Crystalline Carbon Nitrides Characterisation, Intercalation and Exfoliation

Abstract

In recent years there has been significant interest in, and research into, carbon nitride materials for use in applications such as photocatalysis. The most commonly described C/N materials are referred to as graphitic carbon nitride (gCN), though due to the layered amorphous nature structural characterisation is difficult. Polytriazine imide (PTI) is a crystalline layered carbon nitride that is less explored within the literature compared to gCN due to its more difficult synthetic procedure. In this thesis the synthesis, characterisation, intercalation chemistry and exfoliation of PTI is explored.

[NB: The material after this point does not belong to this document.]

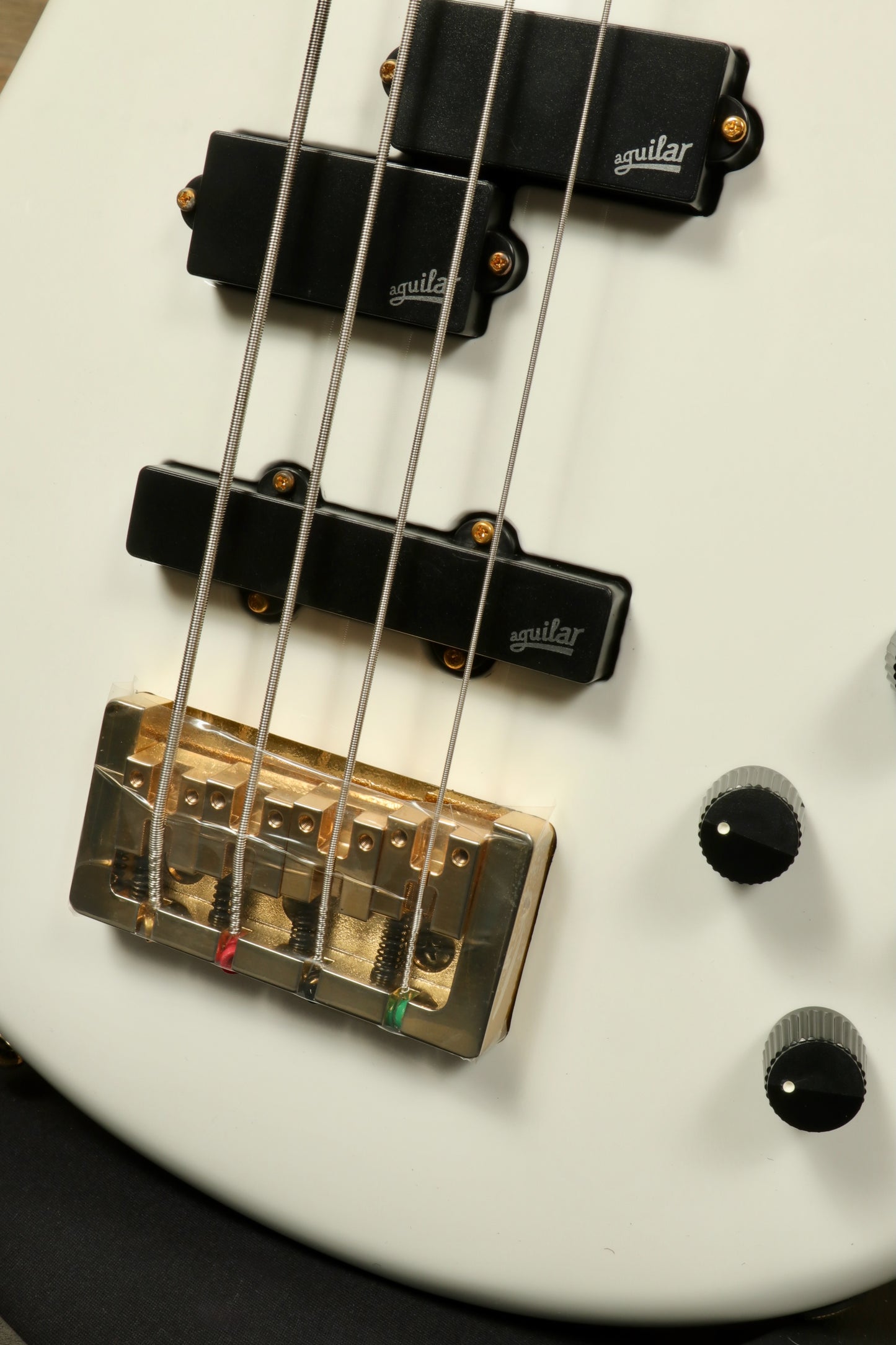 Close-up of Spector ICON NS-2 bass guitar with detailed bridge and pickups highlighting craftsmanship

The synthesis of a related material, triazine based graphitic carbon nitride (TGCN) is explored and the product characterised in detail. PTI refers to the carbon, nitrogen and hydrogen framework (C6N9H3) within which different ionic intercalants can be accommodated; then give rise to several different crystalline materials with the same underlying carbon nitride backbone. The structure of these crystalline, layered PTI was synthesised by reversibly removing and replacing the intercalated ions without affecting the carbon nitride structure. The structures of these new materials was investigated and how changing the intercalant can be used to tune the structures and properties. This methodology may facilitate the fine-tuning and optimisation of carbon nitrides for a number of applications. I have also explored the exfoliation of the layered PTI materials. A number of methods have been used including intercalation and ultrasonication. Remarkably, however I found that the PTI gently, and even spontaneously dissolves to form solutions in highly polar organic solvents and even in water. This process takes place without the need for mechanical mixing, sonication or centrifugation. The resultant separated nanosheets solutions are characterised indepth. Few layer stacks of undamaged crystallites are observed. The photoluminescence of the nanosheets have been found to depend on the number of stacked layers, presenting exciting opportunities for optoelectronic devices.